▸ Work instruction: Among the lines below, output only those between the line holding "Золотой & Цвет" and the line holding "Set de pulseras boho con cuentas turquesas", inclusive, exactly as written and with no pictures.

▸ Records shown:
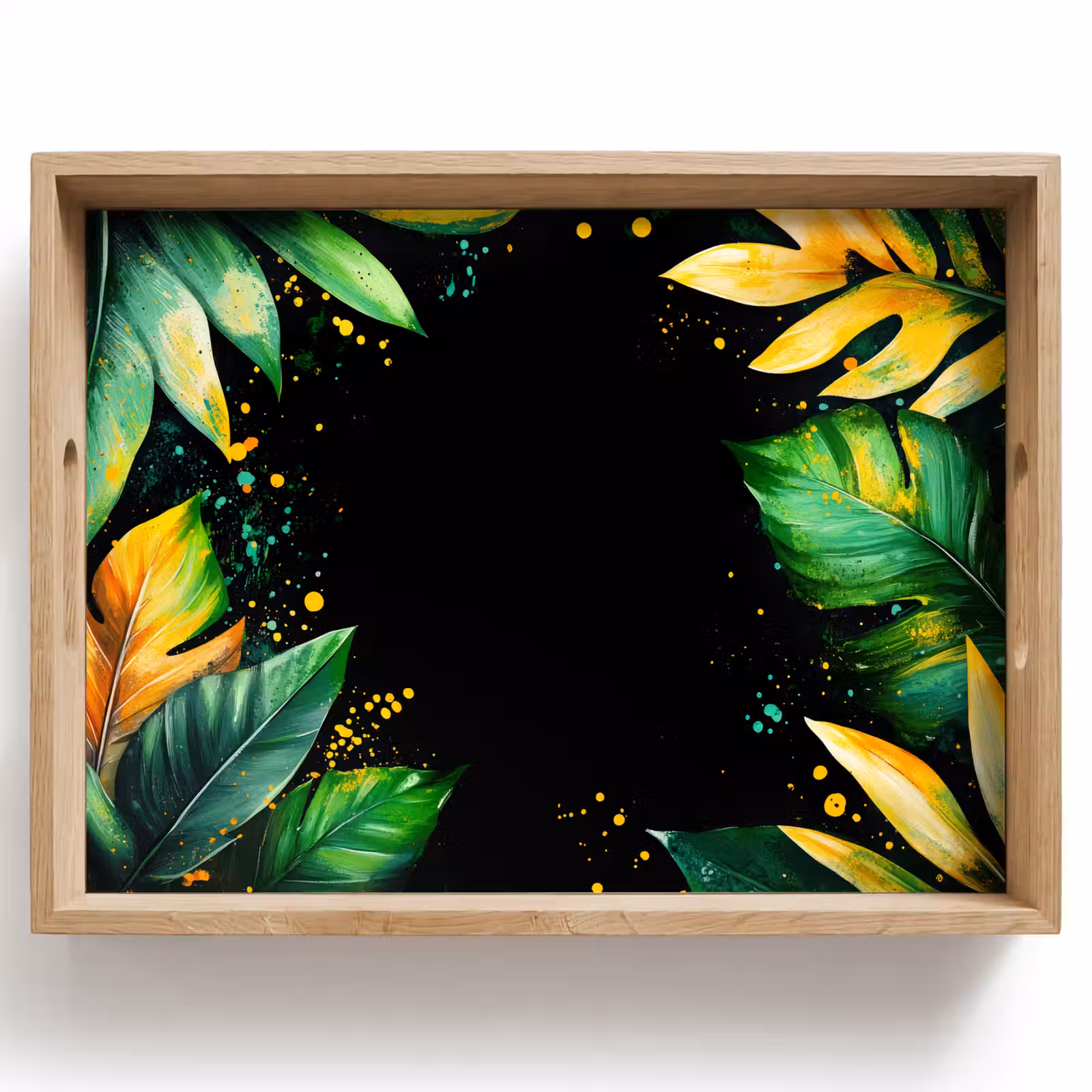 Dienblad - Bladeren - Groen - Geel - Verf - Jungle — 1
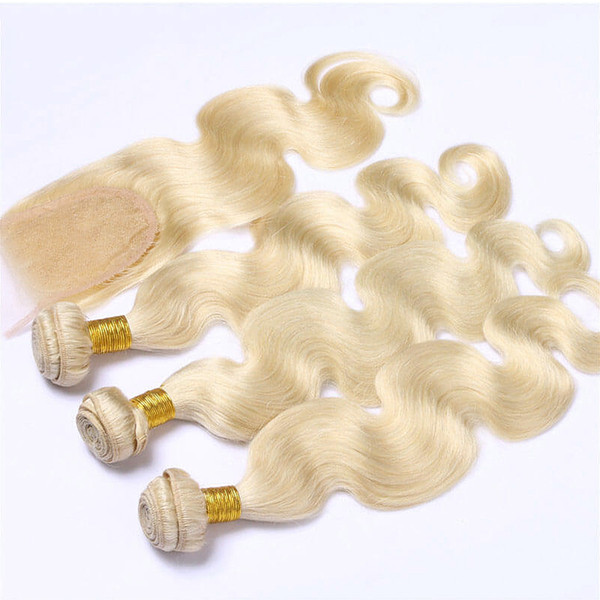 Company Malaysian Virgin Straight Hair Human Hair Extensions 12-24Inch With Closure Remy Hair Weaving 613 Blonde Closure Juancheng Factory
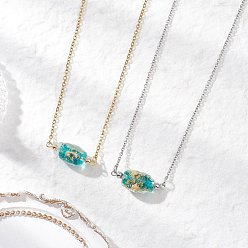 Золотой & Цвет Нержавеющей Стали 2 шт. 2 цвета овальный кулон ручной работы из золотого песка в технике лэмпворк 304 ожерелья из нержавеющей стали с цепочкой-кабелем, средне бирюзовый, золотые и нержавеющая сталь цвет, 17.87 дюйм (45.4 см), 1 шт / цвет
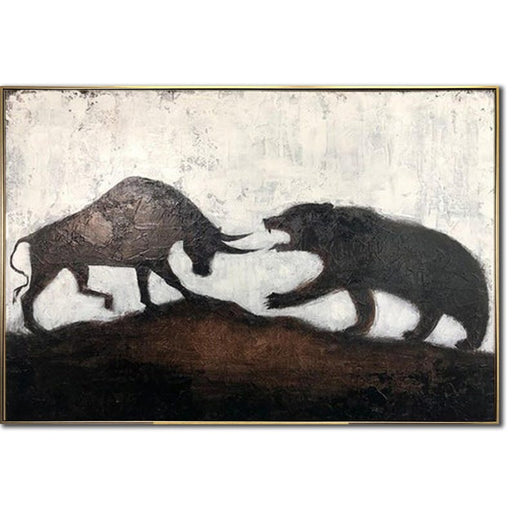 Abstrakt dyremaleri på lærred Vægkunst til børsen Kunstværk til børsen Maleri af tyr og bjørn Angribende tyr Kunst Gave til handlende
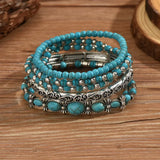 Set de pulseras boho con cuentas turquesas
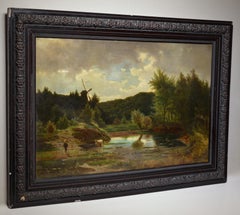 Antique 19th Century Norwegian Artists Oil Painting Pastoral Windmill Shepherd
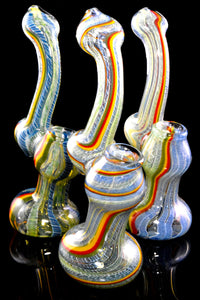 Medium Color Changing Rasta Striped Glass Sherlock Bubbler - B1357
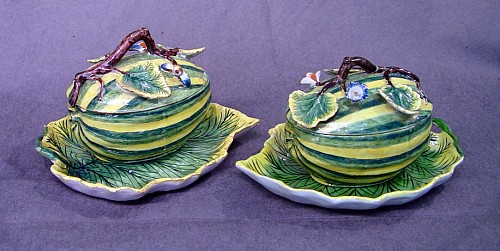 A Rare Pair of Dutch Delft Melon Tureens, Covers & Stands,
Circa 1750. SOLD •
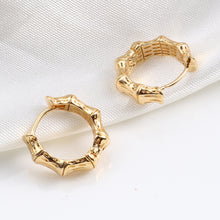 Load image into Gallery viewer, Ladies Girls 18K Gold Plated Small Bamboo Shape Creole Huggie Earrings
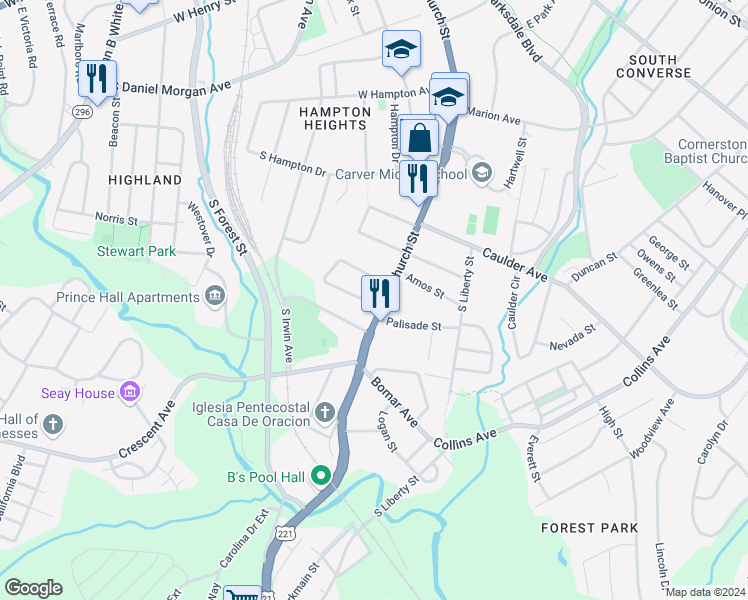 map of restaurants, bars, coffee shops, grocery stores, and more near 730 South Church Street in Spartanburg
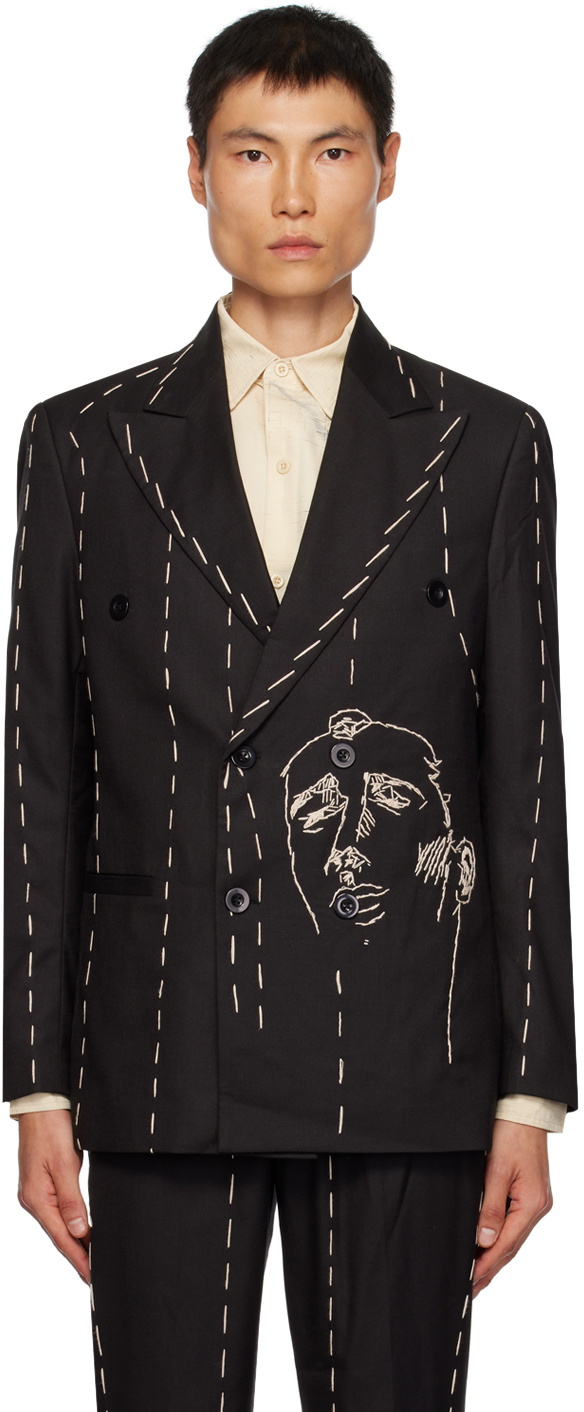 KidSuper Black Embroidered Blazer KidSuper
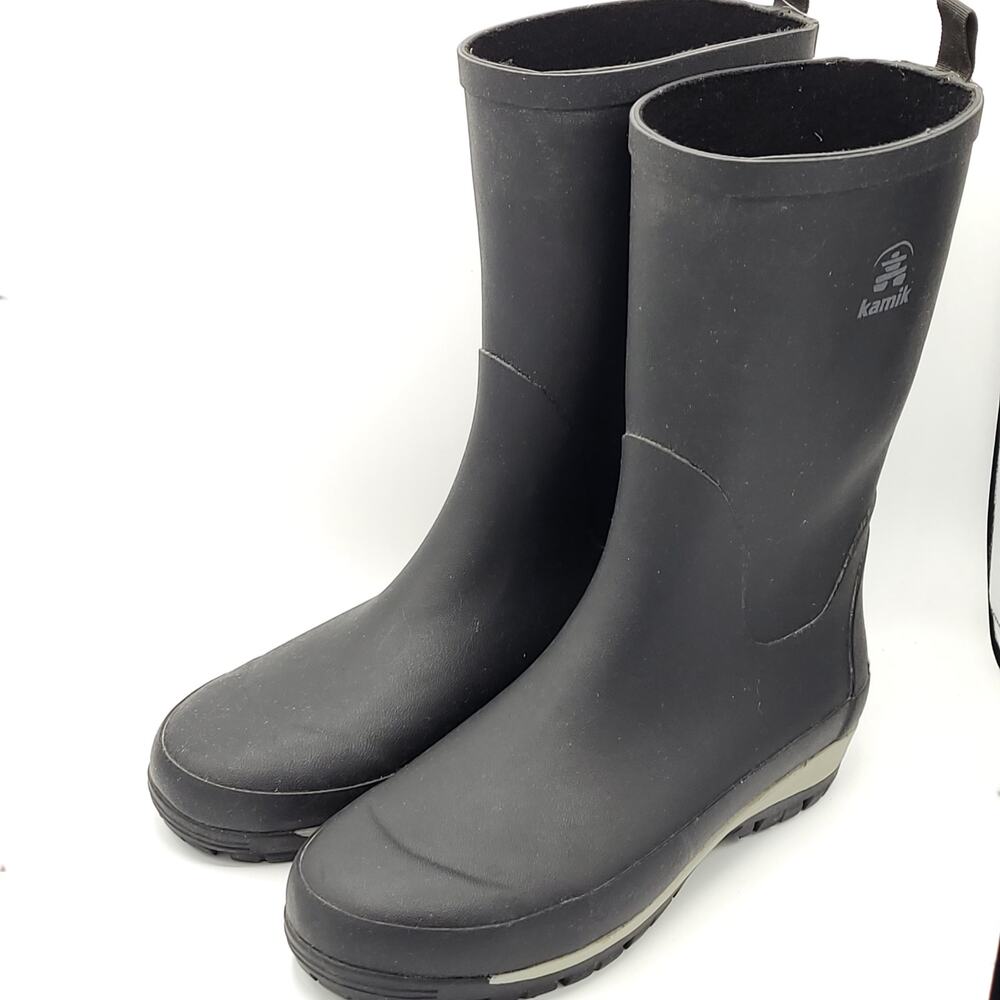 Kamik Lars Waterproof Rain Boots Black  Men's size 10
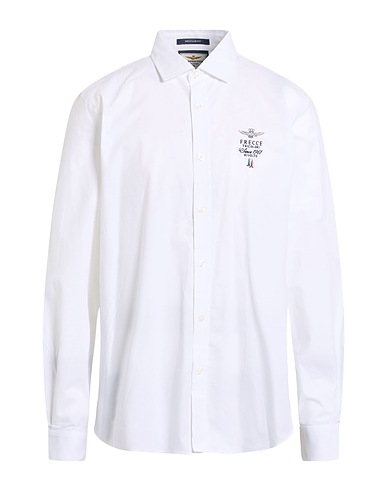AERONAUTICA MILITARE Camicia tinta unita FRECCE TRICOLORI Bianco 97% Cotone, 3% Elastan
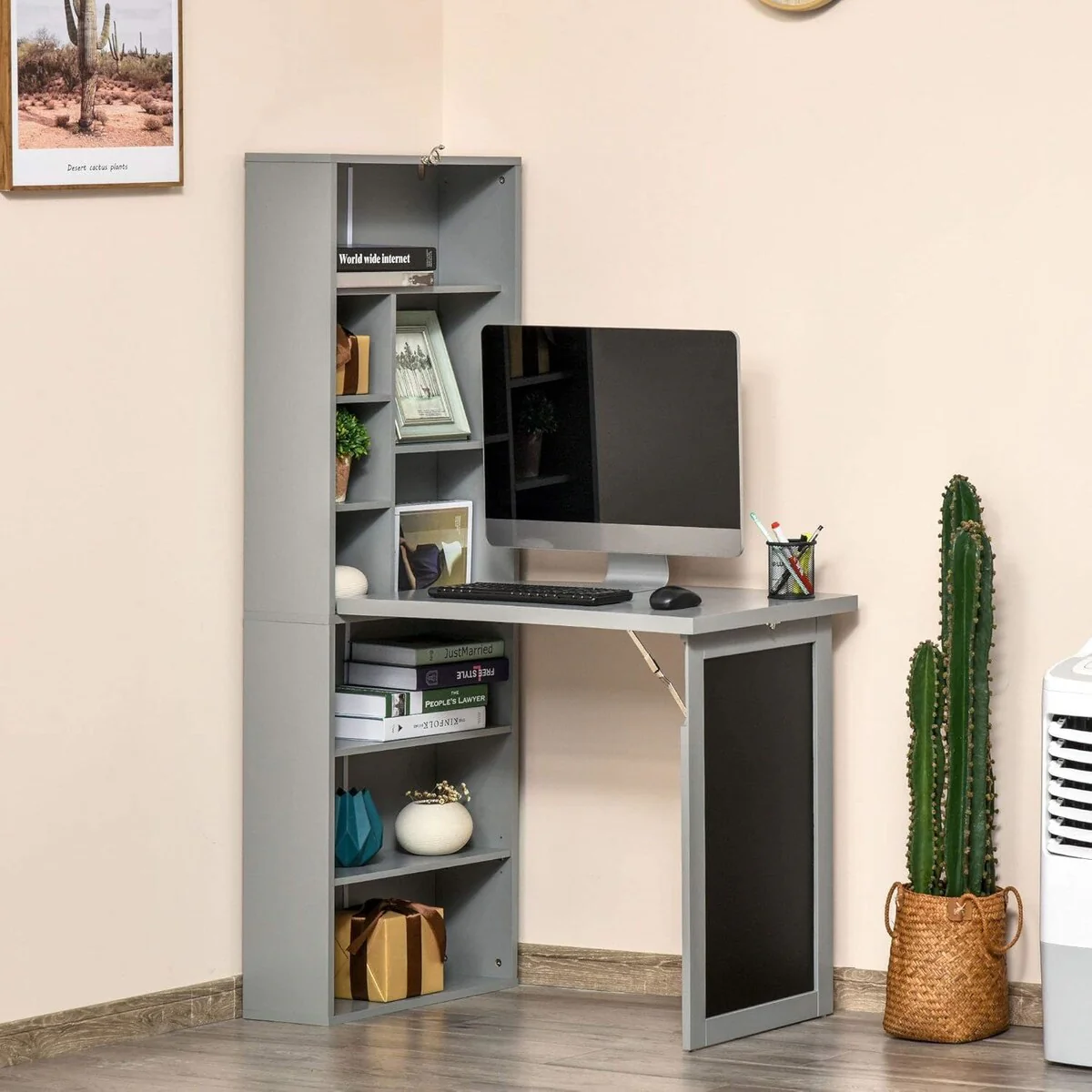 Foldable Computer Desk with Shelves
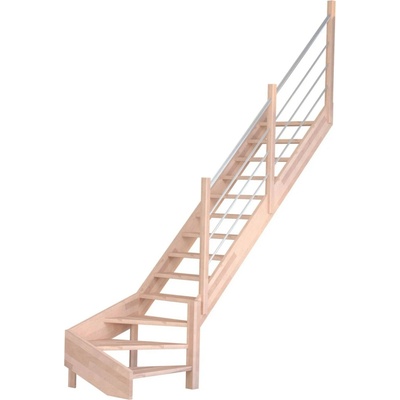 StarWood Schody Mykonos Pro bukové pravé 90cm otevřené dřev. nerez. zábradlí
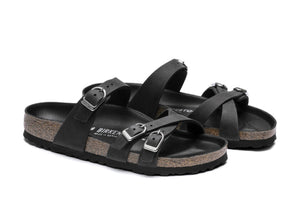 Birkenstock Franca Black Oiled Leather Black Footbed Made In Germany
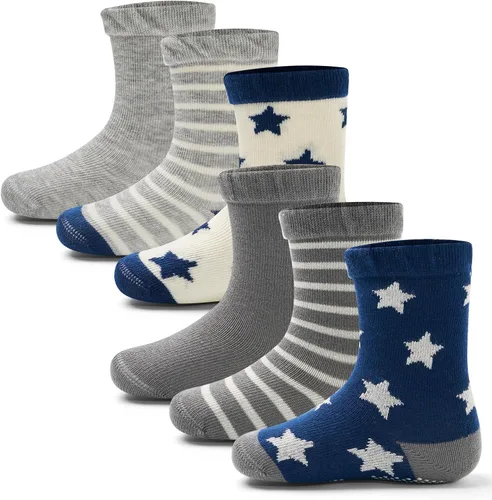 Miniatura 10 de Calcetines de algodón para bebés y niños pequeños con empuñaduras, antideslizantes, 6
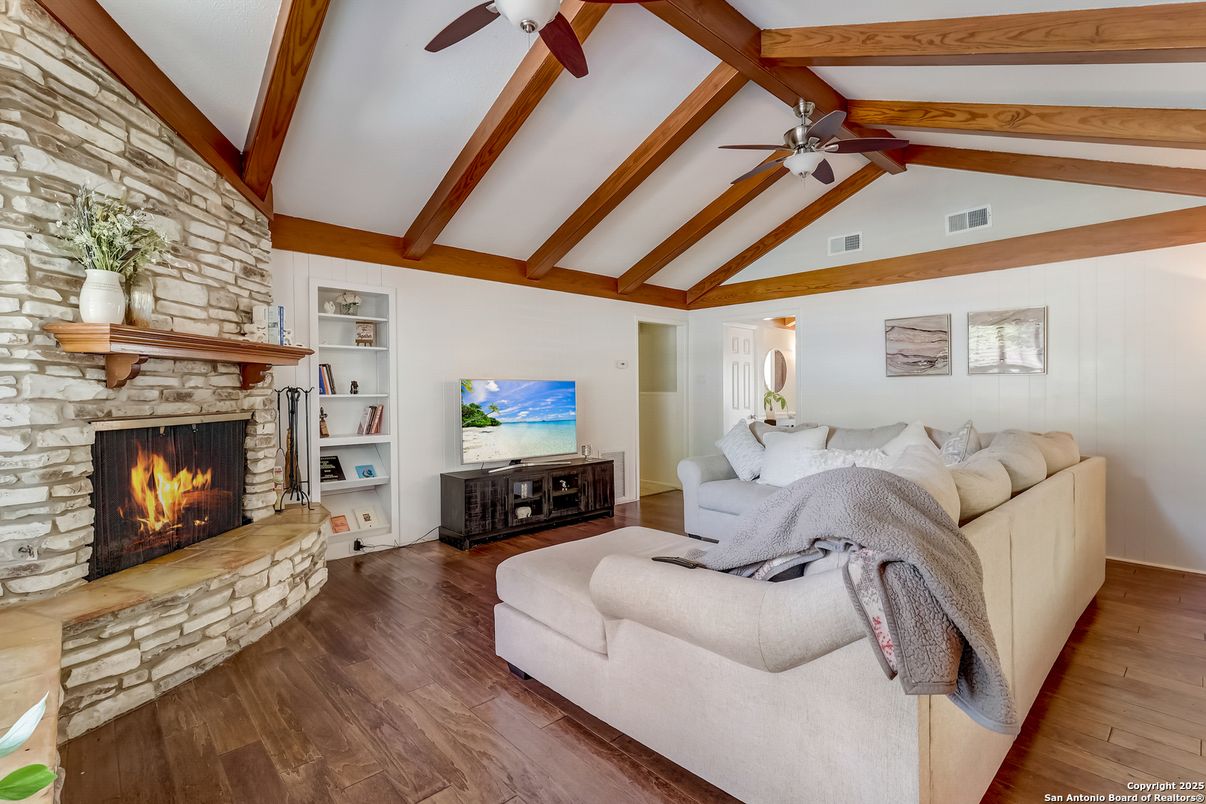 Fireplace, Interior, Living room, Stone Walls, Wooden Beams, Wood Texture Flooring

▸ Output of the task:
 Золотой & Цвет Нержавеющей Стали 2 шт. 2 цвета овальный кулон ручной работы из золотого песка в технике лэмпворк 304 ожерелья из нержавеющей стали с цепочкой-кабелем, средне бирюзовый, золотые и нержавеющая сталь цвет, 17.87 дюйм (45.4 см), 1 шт / цвет
 Abstrakt dyremaleri på lærred Vægkunst til børsen Kunstværk til børsen Maleri af tyr og bjørn Angribende tyr Kunst Gave til handlende
 Set de pulseras boho con cuentas turquesas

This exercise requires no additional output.